Il s’est toujours intéressé à l’empreinte et aux traces, grâce à sa pratique de la gravure, taille-douce, lino, eaux–fortes. « Ce sont des procédés complexes et longs. Avec le tampon, je suis en phase avec l’idée de traces, d’empreinte et de répétitions mais avec beaucoup plus de légèreté et de rapidité. »
Souvenir et traces
Quelques tampons encreurs dont il ne manque jamais de rappeler la marque en fin d’ouvrage, un dateur et un numéroteur, histoire d’archiver, et d’offrir un semblant de sérieux à un travail où l’humour est loin d’être absent, voilà ses outils. Ses livres d’artiste, nombreux, sont aussi divers que variés : livres uniques, imprimés, peints, tamponnés, édités ou auto-édités, reliés ou pas… Enquêtes au tampon reprend toutes les enquêtes réalisées pour le magazine mensuel, Le Tigre. A la façon d’un détective, notre artiste plasticien retourne sur les lieux visités ou habités par des personnalités pour y collecter des traces imaginaires à partir d’objets retrouvés sur place, encrés, tamponnés et répertoriés. Des Bee Gees à James Ellroy, en passant par Sophie Calle, Sigmund Freud, Michel Houellebecq ou Charlotte Gainsbourg, il mène l’enquête et pas un détail ne manque à son rapport.

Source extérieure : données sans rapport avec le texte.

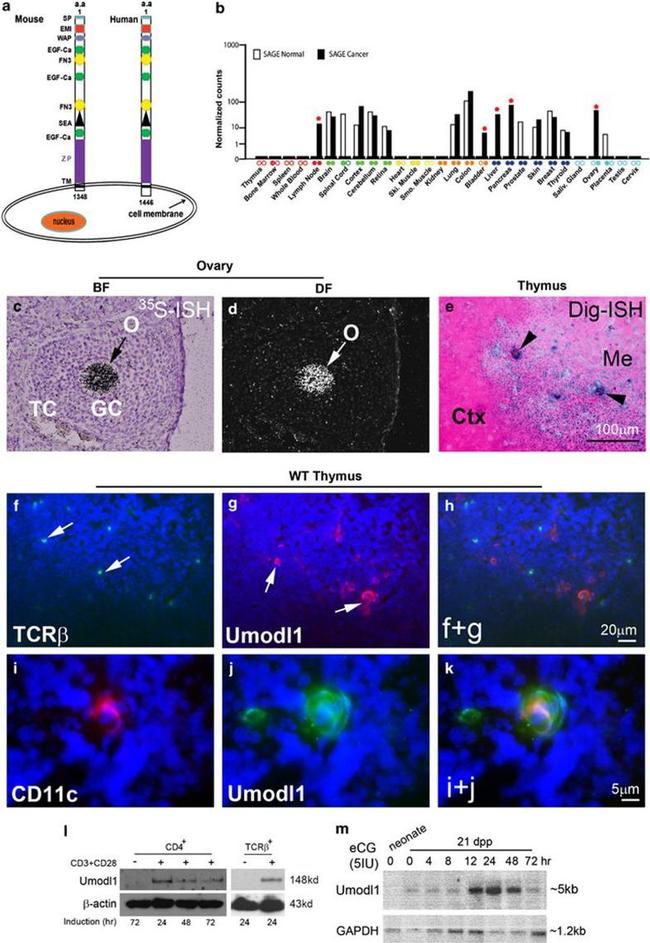 TCR beta Antibody in Western Blot, Immunohistochemistry (WB, IHC)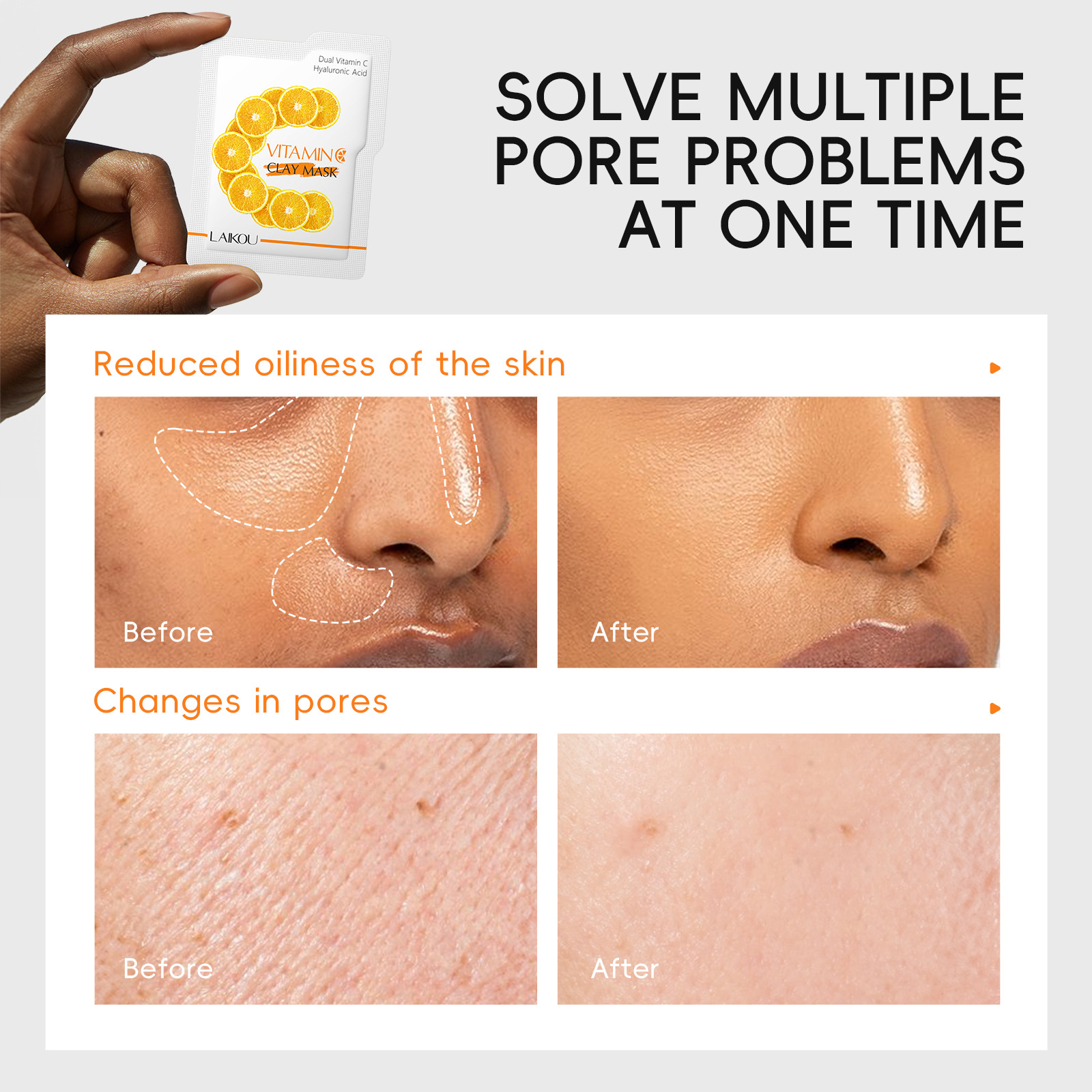 Cross-border in-stock new LAIKOU Vitamin c Mud Mask 5g*12 for pore cleansing, hydration and moisturizing, one-stop delivery undefined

Quand il découvre l’œuvre de Georges Perec, pour qui le souvenir, la trace et l’art de la contrainte constituent le fil rouge de ses créations, il ne peut s’empêcher de retourner au Café de la mairie, place Saint-Sulpice, là même où l’écrivain s’était installé pendant trois jours, pour observer et noter tous les détails qui se présentaient à lui. Cette Tentative d’épuisement d’un lieu parisien, Gianpaolo Pagni lui a rendu hommage dans une enquête au tampon, mais également en sous-titrant l’un de ses livres (Mirandola) Tentative d’épuisement d’empreintes d’objets tamponnables. Autre hommage rendu à l’auteur de La vie mode d’emploi, ce travail effectué avec des lycéens autour de la fameuse phrase de l’auteur « Je me souviens ». Cela a produit un beau livre « Mémoire tampon » où l’on retrouve, rédigées en français, anglais et espagnol, chacune des phrases produites par les élèves. « Quant à moi, ajoute Gianpaolo Pagni, j’ai produit les images. Comme chez Perec, il y a chez moi quelque chose qui tient du jeu. »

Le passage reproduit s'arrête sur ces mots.